Make it by deadline, or not, I’ll still keep pushing toward the goal.  But then, the new final goal on top of it, will feel (and be) further away…harder to push toward…without that buzzing high of having reached what I wanted to reach, the first time.

I tell myself, it is all for a good cause.  Health, and BMI charts, and all of  that has something to do with it, sure.  But honestly, this is mostly about my own sense of self. And an oncoming birthday.

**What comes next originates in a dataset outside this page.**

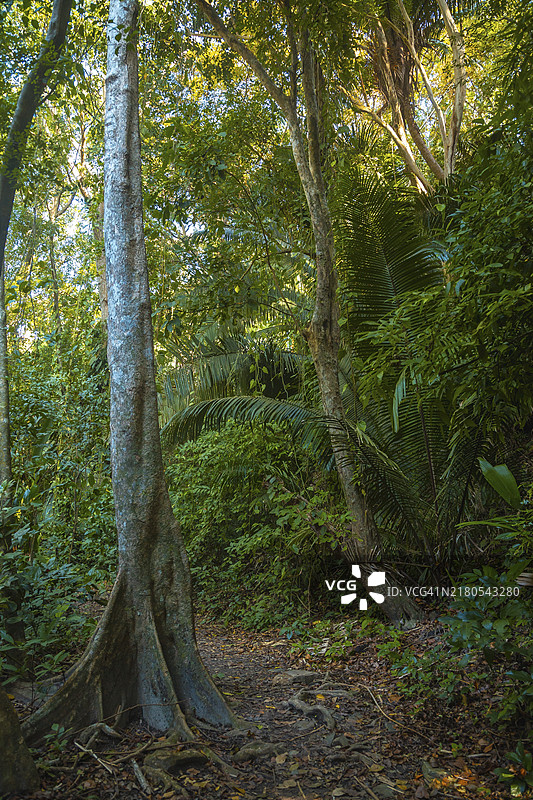 漫步蓬塔德萨尔加勒比海丛林（洪都拉斯，特拉）图片素材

And security in my instrument to be able to tell the kind of stories I want to tell with it.

…My rules, my time.

…It’s about realizing and saying, “I don’t want this anymore, I don’t like it,” then going about changing things from that day on, at your own bidding. 

…It’s about taking control and killing the feeling of restless “stuck.”

…It’s about denying yourself the easy comforts in lieu of the well-earned ones, which somehow mean twice as much, feel more extravagant, and bring a whole new level of appreciation.

It doesn’t mean I wouldn’t readily dive into a 7-course Italian spread right now, if you offered it to me.

…It means, I simply don’t have room to wolf it all down anymore, so have to content myself with the supreme pleasure of a thousand beautiful smells, (which cost nothing), and one helping…chosen painstakingly, specific in its lust for every flavor, planned out in expectation, for a perfect…single..plate…of “omygod-yum.”

Shit.

Now I’m hungry.

Dammit.  Why do I do these things to me?